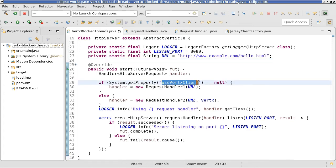This property allows us to easily swap out the blocking Jersey web client and instead use a non-blocking Vertex web client. That's exactly what we are going to do now.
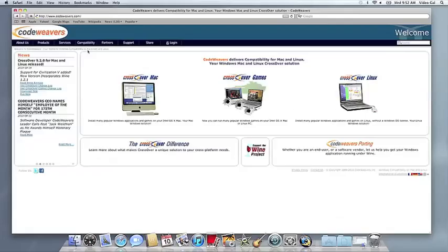This video will show you how to install the application you want using Crossover's online installer. This video assumes that you already have Crossover on your machine. If that's not the case, feel free to download and install our trial version directly from our website. It only takes about a minute to do that.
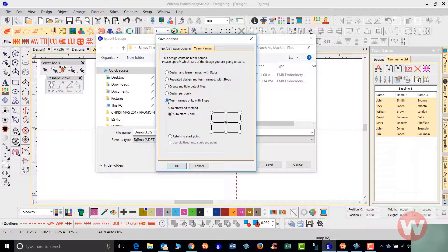Team Names Only with Stops is for when you only have lettering like we have now. On a multi-head machine, hoop all six heads, turn off heads two through six, press start — it stitches the first name in the first hoop. Pull that one off, put the next one on and press start. For a single head machine this is the best option: put the name on, stitch it out, re-hoop, press start for the second name, then repeat for the third name and so on.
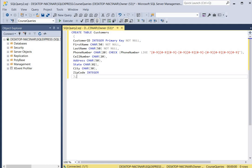We use the CHECK keyword, and then within parentheses we use the name of the column, which is phone number. Then we use LIKE because we want the phone number entered in a specific format — you have to use single quotes around our values. It must be three digits for the area code, then a dash, then three digits, then four more digits. Within the brackets the number must be between 0 and 9, with a dash after the first three numbers and another dash after the next three.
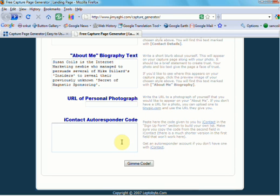Your autoresponder code is obviously the most important. Do make sure that you put that in there, and that ensures that once someone's inputted their details, they then go into your autoresponder.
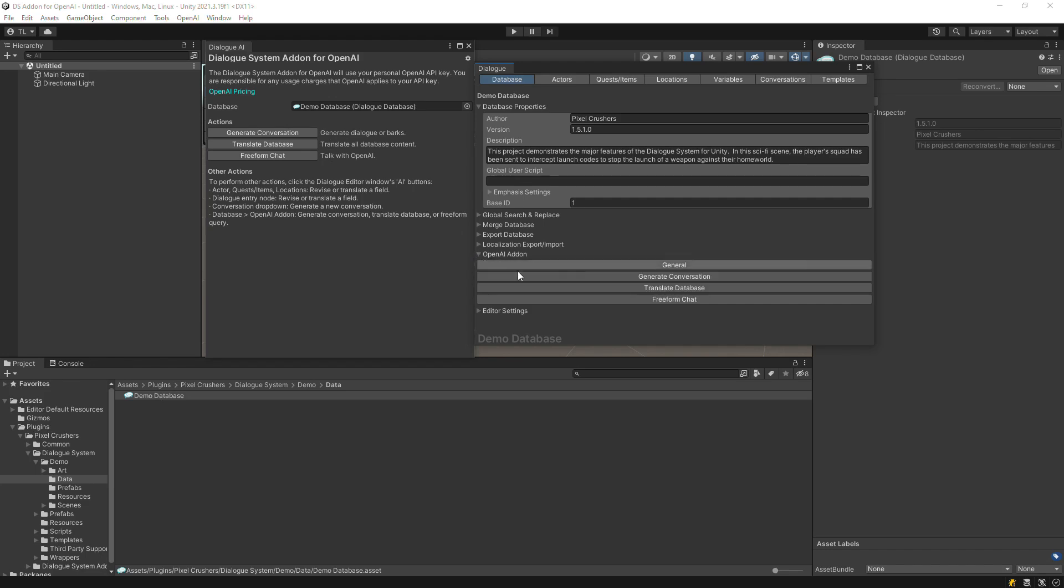In the Dialog Editor window, you can access those same features in the Database section under the OpenAI add-on foldout.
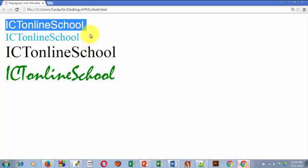This is the font. This is the Times New Roman font.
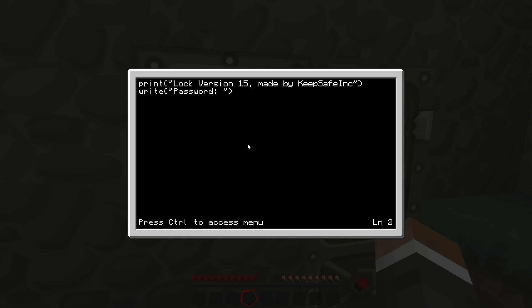Sorry about that. So now we've done this, we go enter and we go password space equals read, close brackets asterisk and quote marks, and then close brackets.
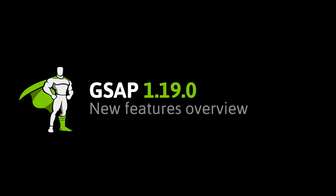Hey everybody, Carl Schuff here from GreenSock, and today I want to talk to you about the new features in GSAP 1.19.0.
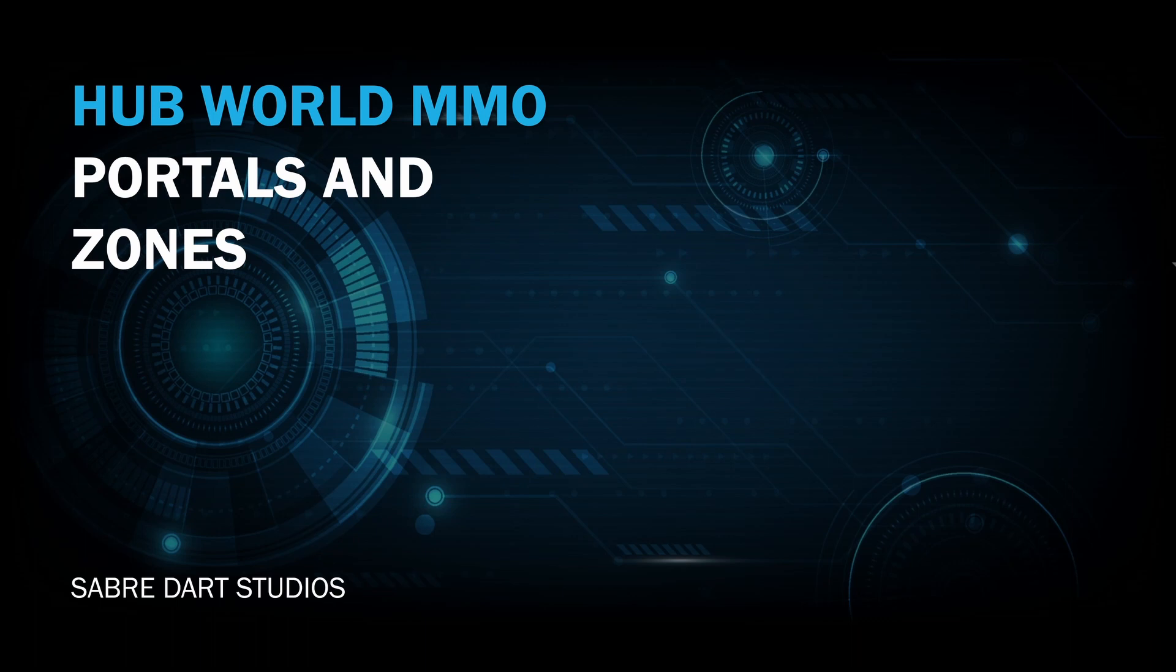Hey, guys. Welcome back. I recently added a new simplified portal system to the HubWorld MMO project, so let's take a look at how it works.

* * * *

WHAT IS NEEDED:
All of the entries must be reproduced exactly, with no pictures kept.

RESULT FOR THIS EXERCISE:
This property allows us to easily swap out the blocking Jersey web client and instead use a non-blocking Vertex web client. That's exactly what we are going to do now.
This video will show you how to install the application you want using Crossover's online installer. This video assumes that you already have Crossover on your machine. If that's not the case, feel free to download and install our trial version directly from our website. It only takes about a minute to do that.
Team Names Only with Stops is for when you only have lettering like we have now. On a multi-head machine, hoop all six heads, turn off heads two through six, press start — it stitches the first name in the first hoop. Pull that one off, put the next one on and press start. For a single head machine this is the best option: put the name on, stitch it out, re-hoop, press start for the second name, then repeat for the third name and so on.
We use the CHECK keyword, and then within parentheses we use the name of the column, which is phone number. Then we use LIKE because we want the phone number entered in a specific format — you have to use single quotes around our values. It must be three digits for the area code, then a dash, then three digits, then four more digits. Within the brackets the number must be between 0 and 9, with a dash after the first three numbers and another dash after the next three.
Your autoresponder code is obviously the most important. Do make sure that you put that in there, and that ensures that once someone's inputted their details, they then go into your autoresponder.
In the Dialog Editor window, you can access those same features in the Database section under the OpenAI add-on foldout.
This is the font. This is the Times New Roman font.
Sorry about that. So now we've done this, we go enter and we go password space equals read, close brackets asterisk and quote marks, and then close brackets.
Hey everybody, Carl Schuff here from GreenSock, and today I want to talk to you about the new features in GSAP 1.19.0.
Hey, guys. Welcome back. I recently added a new simplified portal system to the HubWorld MMO project, so let's take a look at how it works.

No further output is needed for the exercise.